YOUR OBJECTIVE -> Return exactly the span of lines that opens with the line containing "this 268×168 image." and closes with the last line of the data, inclusive.

THE INPUT ->
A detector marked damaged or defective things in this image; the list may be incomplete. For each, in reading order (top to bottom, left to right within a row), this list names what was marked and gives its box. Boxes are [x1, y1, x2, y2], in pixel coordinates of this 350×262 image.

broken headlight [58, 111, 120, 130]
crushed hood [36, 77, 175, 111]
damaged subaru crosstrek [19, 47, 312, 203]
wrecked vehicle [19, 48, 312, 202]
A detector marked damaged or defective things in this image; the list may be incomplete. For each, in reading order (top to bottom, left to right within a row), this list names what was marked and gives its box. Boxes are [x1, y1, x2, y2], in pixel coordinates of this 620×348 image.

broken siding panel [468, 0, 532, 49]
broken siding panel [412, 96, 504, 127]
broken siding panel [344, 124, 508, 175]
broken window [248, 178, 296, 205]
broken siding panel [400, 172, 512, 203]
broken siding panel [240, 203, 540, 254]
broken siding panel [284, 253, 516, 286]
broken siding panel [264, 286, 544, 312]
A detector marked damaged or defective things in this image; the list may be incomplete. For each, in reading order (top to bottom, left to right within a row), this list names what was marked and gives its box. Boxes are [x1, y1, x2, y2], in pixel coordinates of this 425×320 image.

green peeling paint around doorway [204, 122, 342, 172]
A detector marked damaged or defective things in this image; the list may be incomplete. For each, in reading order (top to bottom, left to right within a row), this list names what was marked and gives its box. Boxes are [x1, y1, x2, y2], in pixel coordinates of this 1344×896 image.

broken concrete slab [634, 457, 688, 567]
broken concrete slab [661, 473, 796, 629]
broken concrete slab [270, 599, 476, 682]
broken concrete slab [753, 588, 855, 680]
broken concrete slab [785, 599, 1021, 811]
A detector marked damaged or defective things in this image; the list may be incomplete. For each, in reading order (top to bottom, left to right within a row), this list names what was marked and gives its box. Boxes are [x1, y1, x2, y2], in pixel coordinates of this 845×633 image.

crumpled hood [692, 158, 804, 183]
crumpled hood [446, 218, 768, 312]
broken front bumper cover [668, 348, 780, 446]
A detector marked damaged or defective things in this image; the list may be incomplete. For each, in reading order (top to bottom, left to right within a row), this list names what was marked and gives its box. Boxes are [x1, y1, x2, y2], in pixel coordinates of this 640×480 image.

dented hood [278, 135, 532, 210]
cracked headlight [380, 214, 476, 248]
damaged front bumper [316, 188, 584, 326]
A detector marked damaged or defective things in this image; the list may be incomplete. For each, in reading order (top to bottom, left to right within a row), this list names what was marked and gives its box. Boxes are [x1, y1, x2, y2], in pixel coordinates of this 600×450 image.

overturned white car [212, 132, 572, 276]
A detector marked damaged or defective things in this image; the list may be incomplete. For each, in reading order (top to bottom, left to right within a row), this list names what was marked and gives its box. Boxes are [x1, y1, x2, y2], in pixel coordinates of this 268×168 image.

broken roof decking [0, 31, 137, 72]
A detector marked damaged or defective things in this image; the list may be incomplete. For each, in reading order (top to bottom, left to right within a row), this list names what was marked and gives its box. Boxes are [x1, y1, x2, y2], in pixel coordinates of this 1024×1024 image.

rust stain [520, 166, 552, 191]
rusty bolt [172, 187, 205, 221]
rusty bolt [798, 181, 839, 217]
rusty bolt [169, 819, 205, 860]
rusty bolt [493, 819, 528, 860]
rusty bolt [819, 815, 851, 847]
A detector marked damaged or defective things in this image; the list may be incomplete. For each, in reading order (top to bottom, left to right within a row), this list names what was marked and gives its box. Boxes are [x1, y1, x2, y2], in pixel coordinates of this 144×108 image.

THE ANSWER ->
A detector marked damaged or defective things in this image; the list may be incomplete. For each, in reading order (top to bottom, left to right within a row), this list names what was marked and gives its box. Boxes are [x1, y1, x2, y2], in pixel coordinates of this 268×168 image.

broken roof decking [0, 31, 137, 72]
A detector marked damaged or defective things in this image; the list may be incomplete. For each, in reading order (top to bottom, left to right within a row), this list names what was marked and gives its box. Boxes are [x1, y1, x2, y2], in pixel coordinates of this 1024×1024 image.

rust stain [520, 166, 552, 191]
rusty bolt [172, 187, 205, 221]
rusty bolt [798, 181, 839, 217]
rusty bolt [169, 819, 205, 860]
rusty bolt [493, 819, 528, 860]
rusty bolt [819, 815, 851, 847]
A detector marked damaged or defective things in this image; the list may be incomplete. For each, in reading order (top to bottom, left to right within a row), this list names what was marked and gives its box. Boxes are [x1, y1, x2, y2], in pixel coordinates of this 144×108 image.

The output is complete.